L’intéressé, qui a perdu sa particule au passage, répond dans les colonnes du quotidien régional : « il a donc d’autant plus besoin qu’on prie pour lui et ce ne sont pas les communistes qui vont le faire ! Je rappelle que la religion catholique veut sauver tous les Hommes et pas seulement ceux du sérail « .
Coureur cycliste amateur, Jean-Baptiste de Barmon est âgé de 54 ans et est né à Arradon, dans le Golfe du Morbihan. Ouest-France – déjà – dressait sa biographie lors de sa nomination sur l’île en 2020 : « après sa scolarité à Vannes puis à Paris, il a été séminariste dans la capitale, de 1992 à 1998, avant d’être ordonné prêtre à Sainte-Anne-d’Auray. D’abord vicaire à Guer, puis recteur à Férel, il a passé dix années à Rochefort-en-Terre et six au Faouët « .
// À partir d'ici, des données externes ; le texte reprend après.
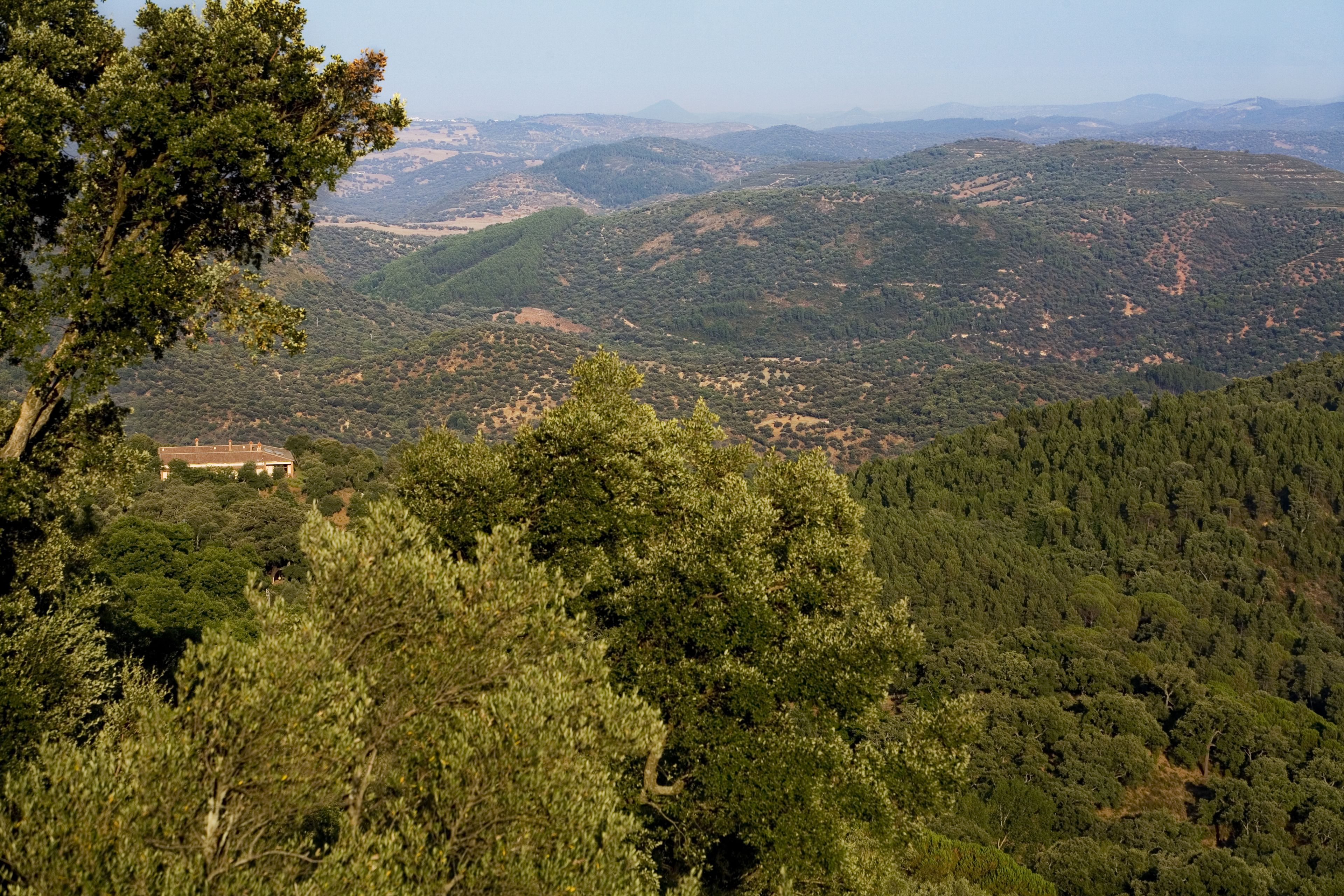 Foto - Finca La Fronda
Il avait aussi fait la faculté libre d’économie et de droit à Paris , mais pas d’études d’histoire, visiblement. A moins qu’il s’agisse d’un hommage à un bellilois peu connu, Marcel Coene , résistant FTP dans le bassin de Creil pendant la seconde guerre mondiale, maire de Montataire de 1945 à 1966 et opposé avec véhémence à la guerre en Indochine, au point, lors des obsèques d’un soldat de sa commune mort pour la France là-bas de prononcer un discours qui choque la famille du défunt et d’être écarté de son mandat de 1951 à 1953.